┌──

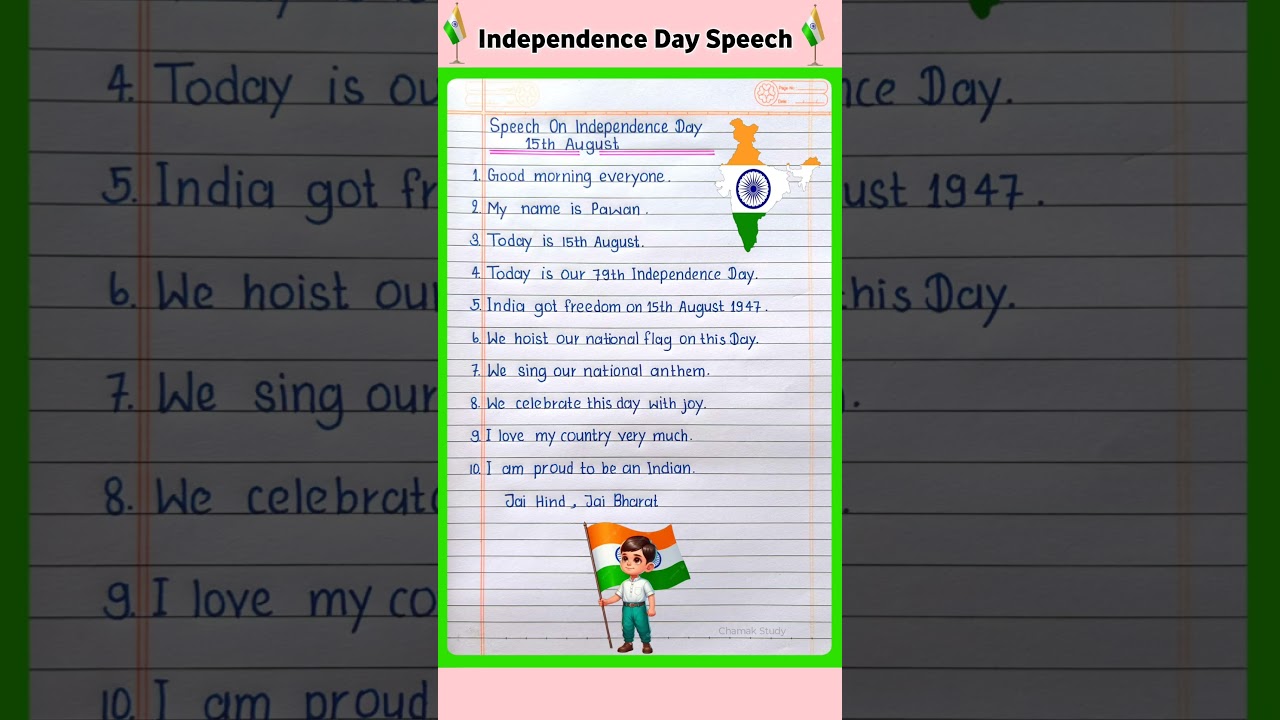 Speech on Independence Day in English | 10 Lines Speech on independence Day | 15 August Par Bhashan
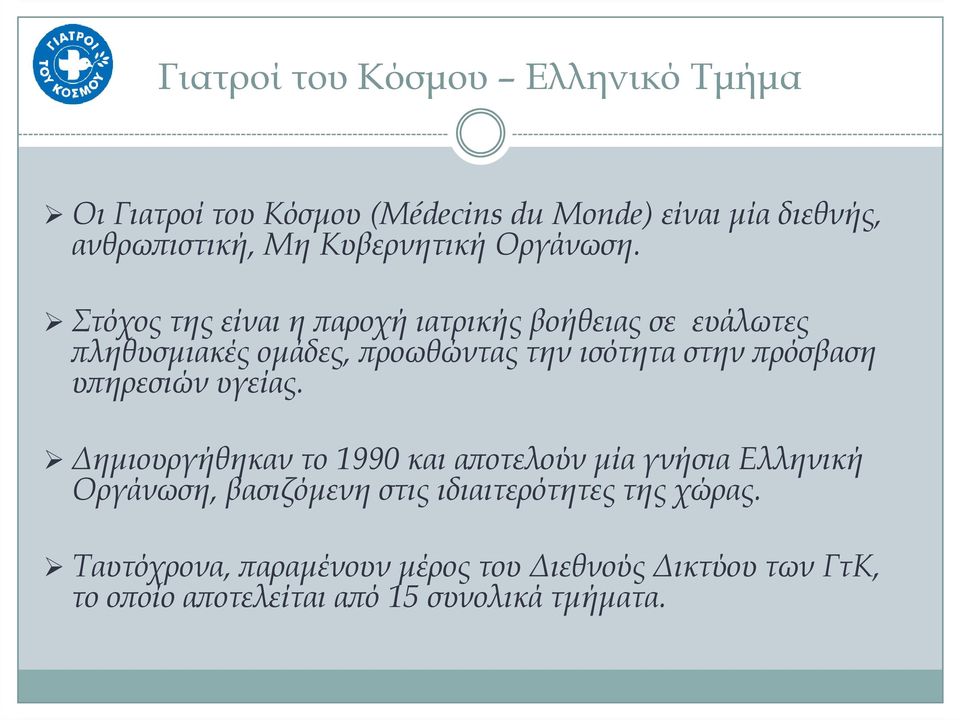 Στόχος της είναι η αροχή ιατρικής βοήθειας σε ευάλωτες ληθυσµιακές οµάδες, ροωθώντας την ισότητα στην ρόσβαση υ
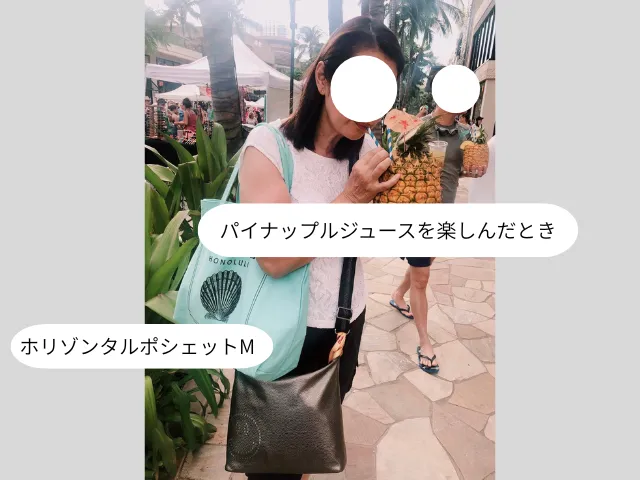 ホリゾンタルポシェットM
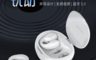 銳思 RECCI 7.3折! - 銳動TWS夾耳式藍牙耳機 REP-W66 無感配戴 長續航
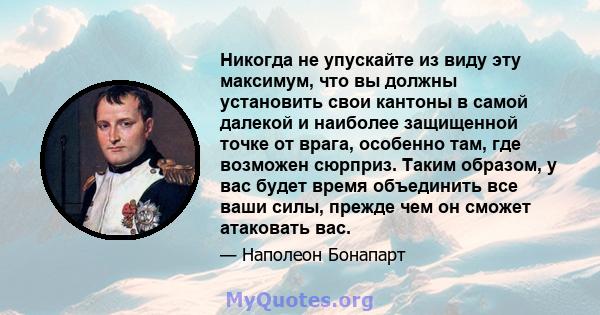 Никогда не упускайте из виду эту максимум, что вы должны установить свои кантоны в самой далекой и наиболее защищенной точке от врага, особенно там, где возможен сюрприз. Таким образом, у вас будет время объединить все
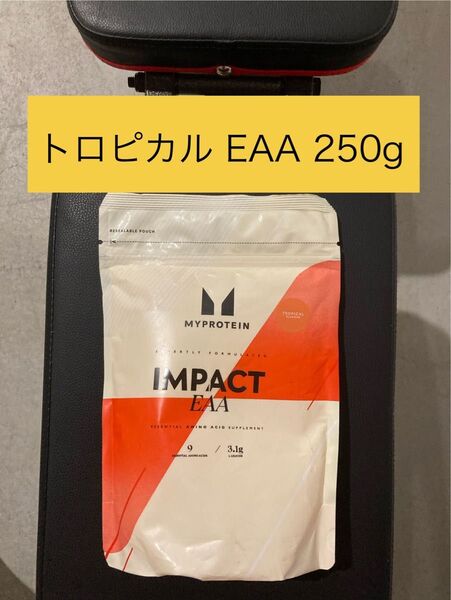 トロピカル マイプロテイン EAA 250g 1点 筋トレ プロテイン ダイエット 健康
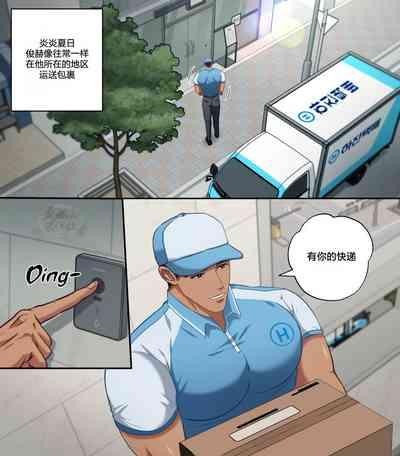 JunHyuk’s Job Paradise – Delivery Driver | 俊赫的职业天堂 6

└──

### PROBLEM DETAILS
The data above must be given back verbatim, minus its images.

### ANSWER TO THIS EXERCISE
 Speech on Independence Day in English | 10 Lines Speech on independence Day | 15 August Par Bhashan
 Στόχος της είναι η αροχή ιατρικής βοήθειας σε ευάλωτες ληθυσµιακές οµάδες, ροωθώντας την ισότητα στην ρόσβαση υ
 ホリゾンタルポシェットM
 銳思 RECCI 7.3折! - 銳動TWS夾耳式藍牙耳機 REP-W66 無感配戴 長續航
 Никогда не упускайте из виду эту максимум, что вы должны установить свои кантоны в самой далекой и наиболее защищенной точке от врага, особенно там, где возможен сюрприз. Таким образом, у вас будет время объединить все
 トロピカル マイプロテイン EAA 250g 1点 筋トレ プロテイン ダイエット 健康
 JunHyuk’s Job Paradise – Delivery Driver | 俊赫的职业天堂 6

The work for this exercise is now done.